━━━ LISTED ENTRIES ━━━
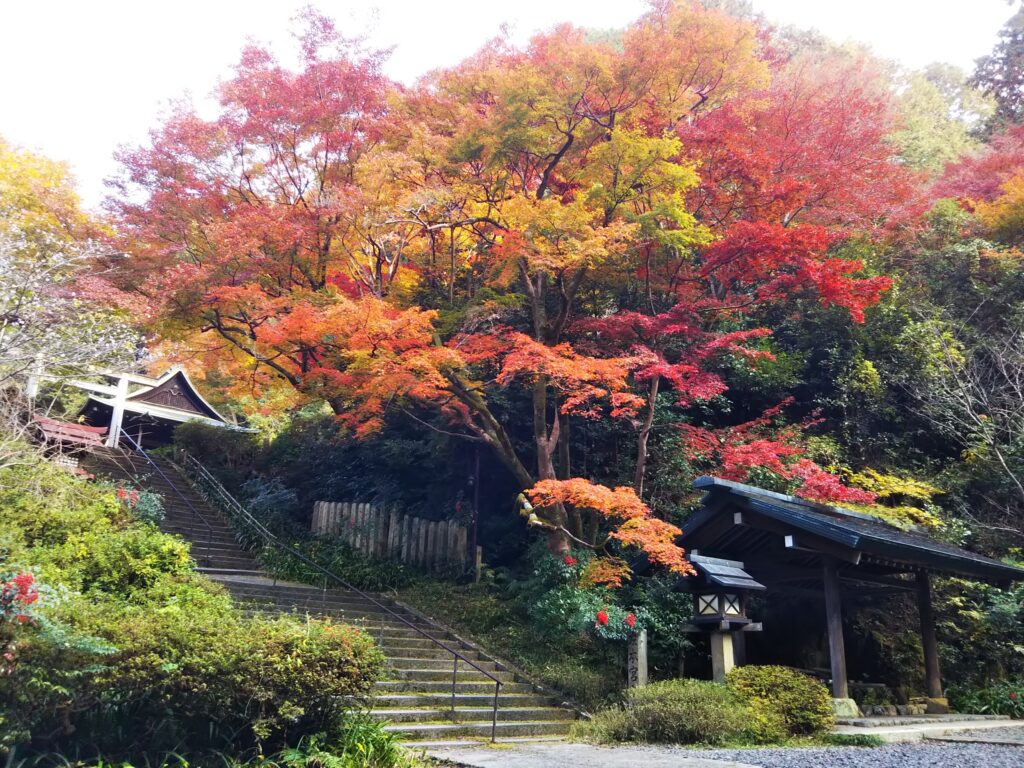 日向大神宮の紅葉風景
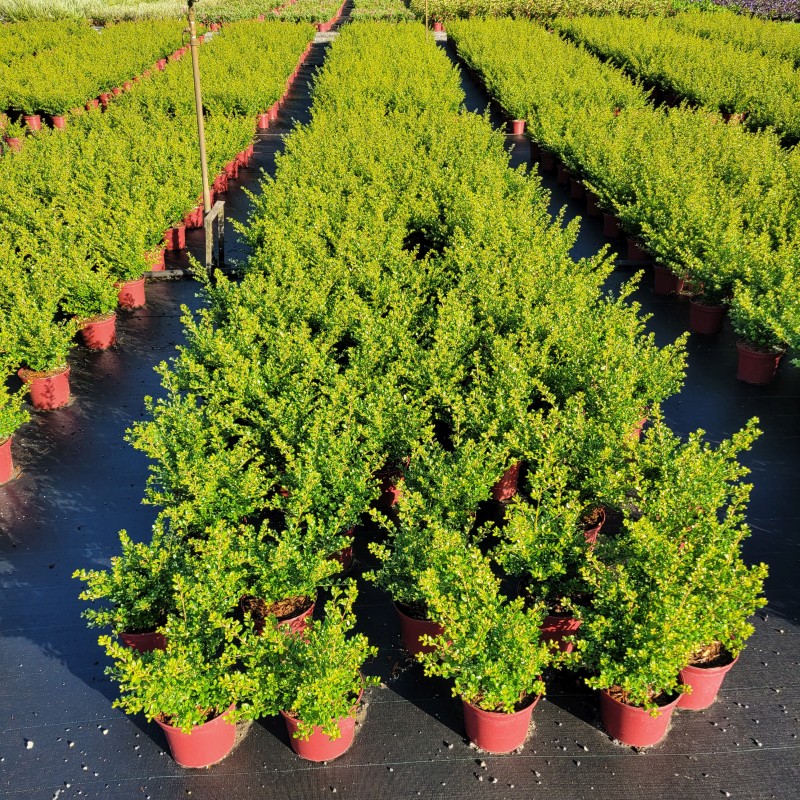Ilex crenata 'Glorie Gem' C 2 20- 25, 1900 Stück lieferbar, Beladung 5x30, Highlight: Robuster japanischer Ilex mit glänzend grünem Laub, top für Einfassungen und Flächenpflanzungen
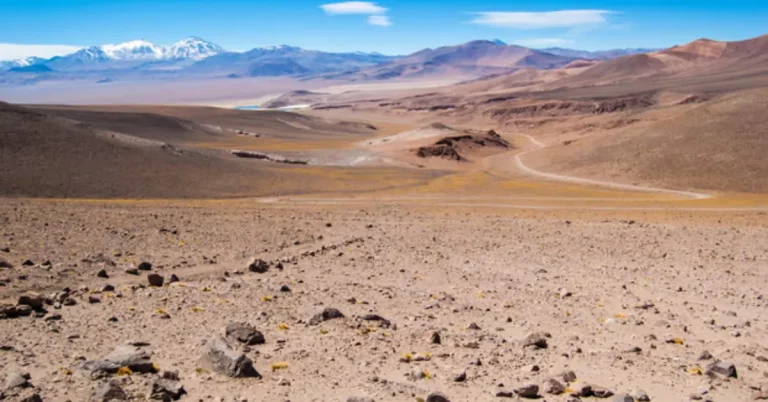 Atacama Water Harvesting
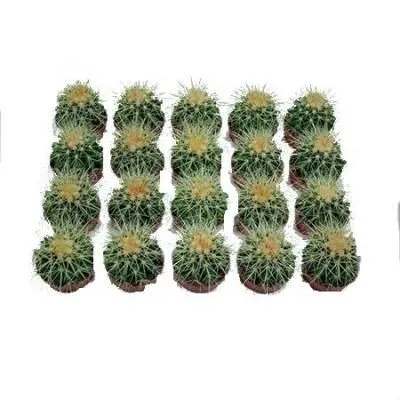Кактус Эхиногрузони 05/10 цветной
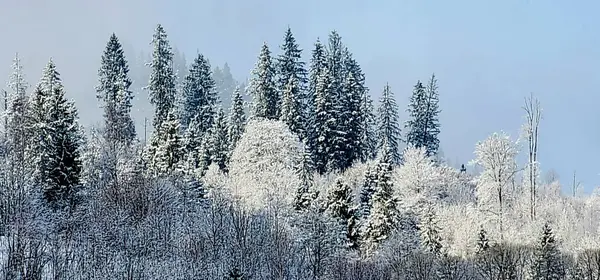Stromy Zimním Lese Pokryté Mrazem — Stock fotografie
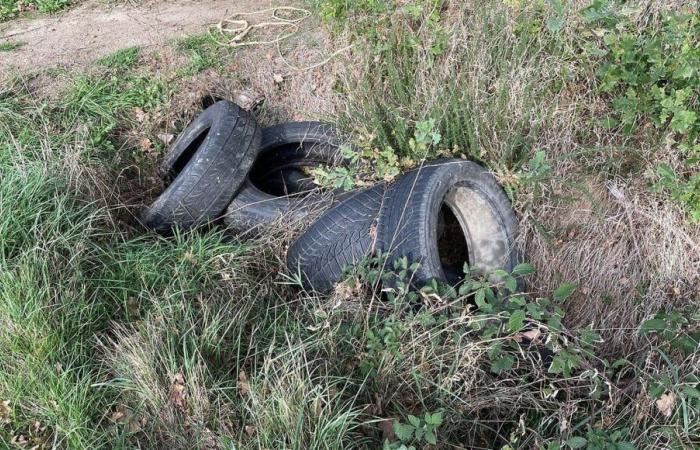 Creuse Grand Sud is organizing a used tire collection from November 19 to 30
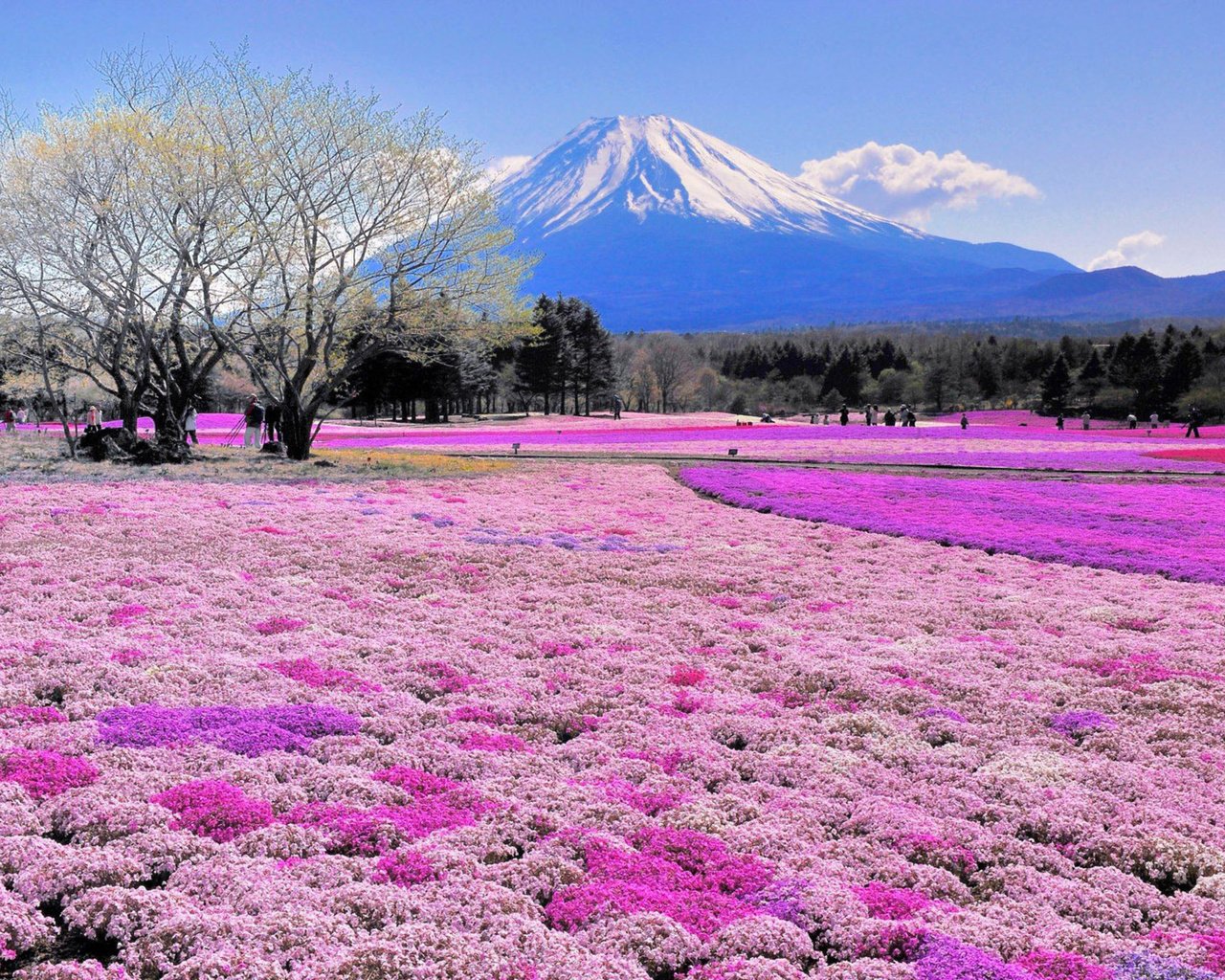 Обои цветы, деревья, пейзаж, япония, вулкан, flowers, trees, landscape, japan, the volcano разрешение 2880x1800 Загрузить
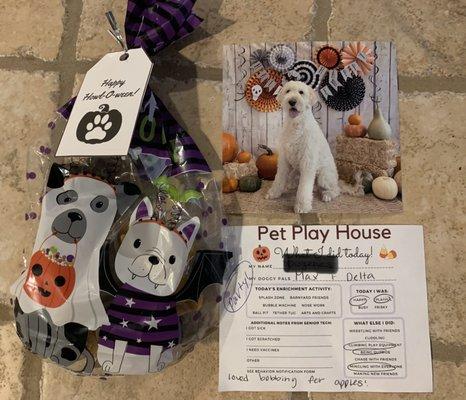 The goody bag and picture that came from the Howl-o-ween party. He also gets a daily report card which I adore!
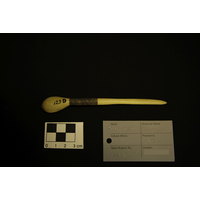 Snuff Spoon (view 2)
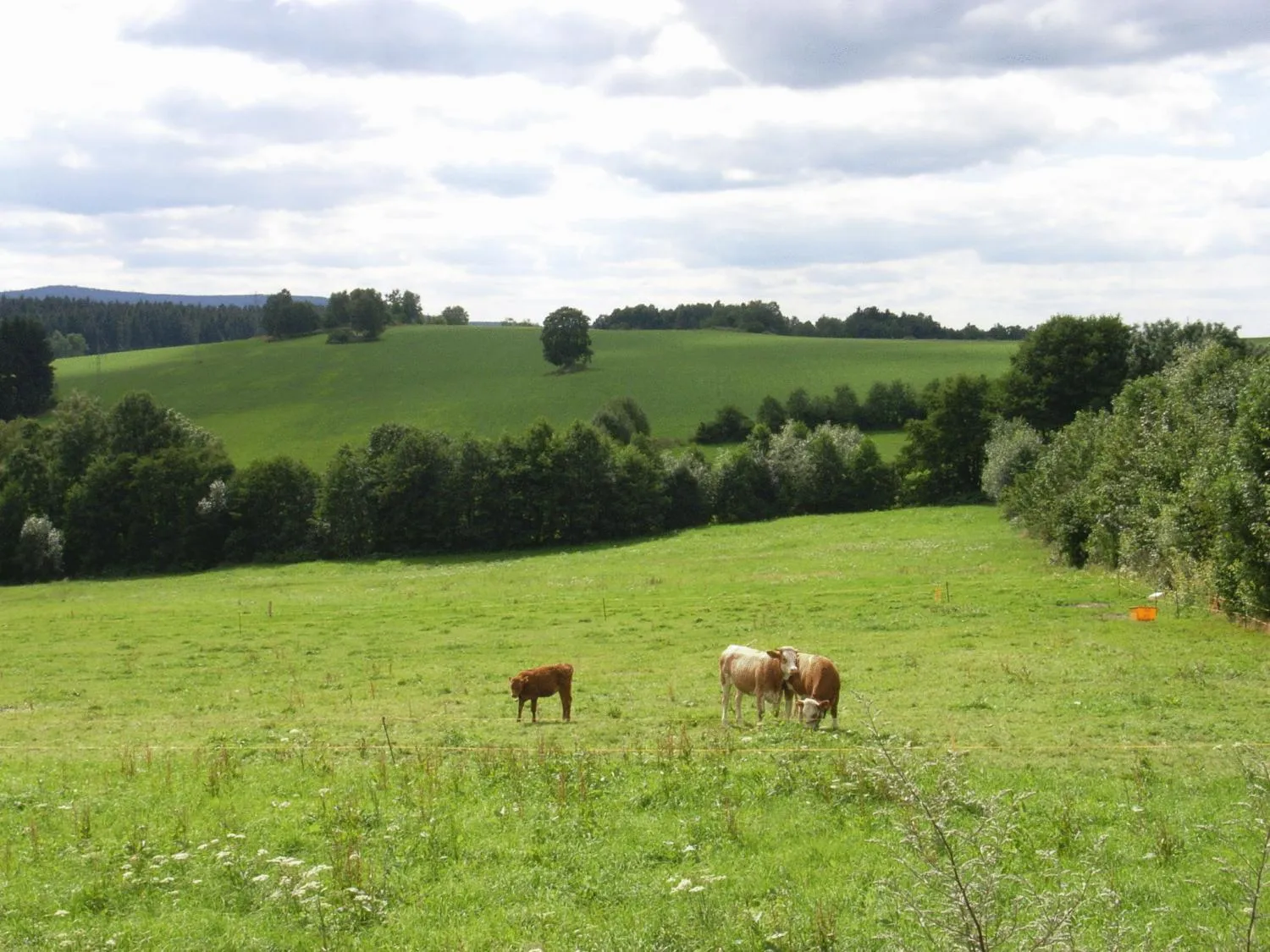 Animals in Hotel und Restaurant Köhlerhütte - Fürstenbrunn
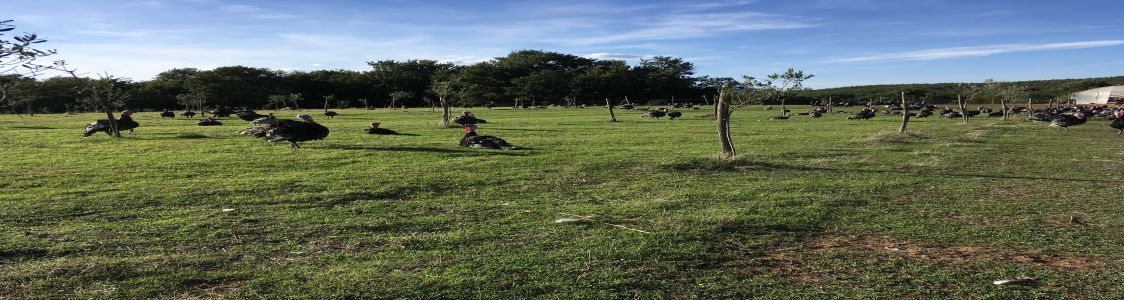 Azienda Agricola Bio Pulicaro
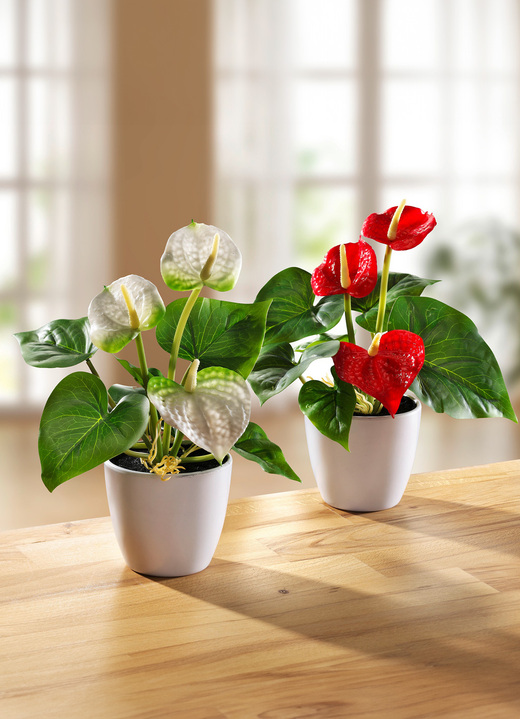 Woonaccessoires - Mini-anthurium in pot, set van 2, in Farbe ROOD-WIT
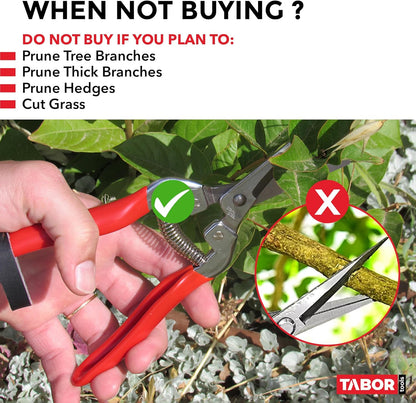 TABOR TOOLS K7A Straight Pruning Shears with Carbon Steel Blades, Florist Scissors, Multi-Tasking Garden Snips for Arranging Flowers, Trimming Plants and Harvesting Herbs, Fruits or Vegetables.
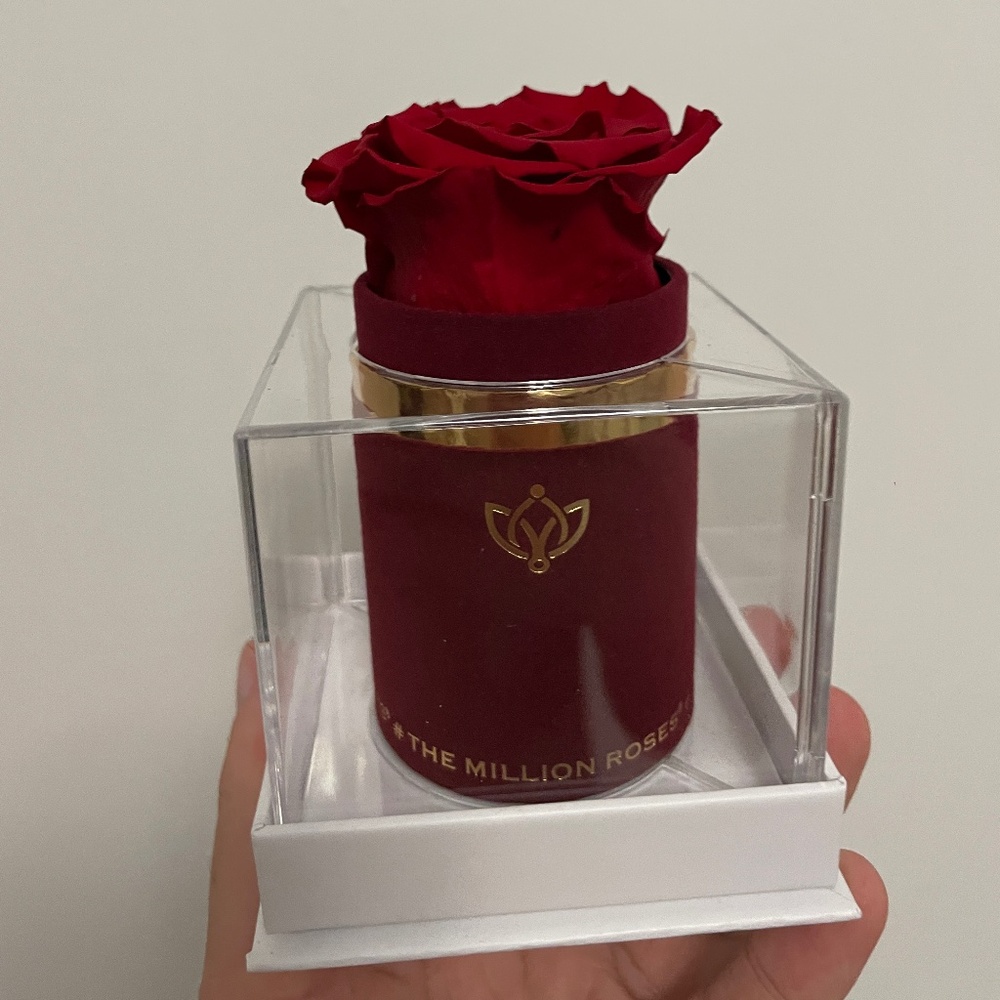 The million roses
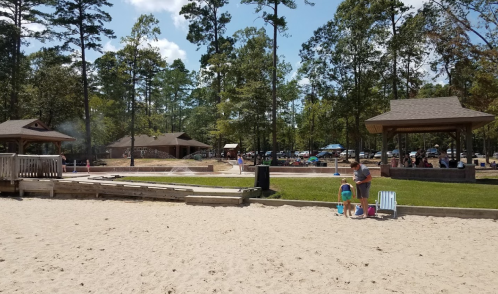 A sandy area with children playing near water features, surrounded by trees and picnic pavilions in the background.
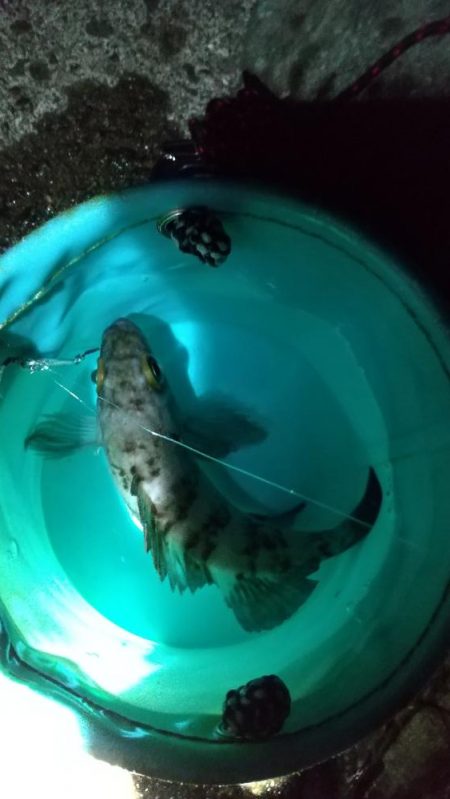 今期初メバル♪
━━━
▶ _TASK GOAL_
Your task is to reproduce exactly the lines running from the line that contains "Creuse Grand Sud" to the end of the records, pictures excluded.

▶ _ANSWER BOX_
 Creuse Grand Sud is organizing a used tire collection from November 19 to 30
 Обои цветы, деревья, пейзаж, япония, вулкан, flowers, trees, landscape, japan, the volcano разрешение 2880x1800 Загрузить
 The goody bag and picture that came from the Howl-o-ween party. He also gets a daily report card which I adore!
 Snuff Spoon (view 2)
 Animals in Hotel und Restaurant Köhlerhütte - Fürstenbrunn
 Azienda Agricola Bio Pulicaro
 Woonaccessoires - Mini-anthurium in pot, set van 2, in Farbe ROOD-WIT
 TABOR TOOLS K7A Straight Pruning Shears with Carbon Steel Blades, Florist Scissors, Multi-Tasking Garden Snips for Arranging Flowers, Trimming Plants and Harvesting Herbs, Fruits or Vegetables.
 The million roses
 A sandy area with children playing near water features, surrounded by trees and picnic pavilions in the background.
 今期初メバル♪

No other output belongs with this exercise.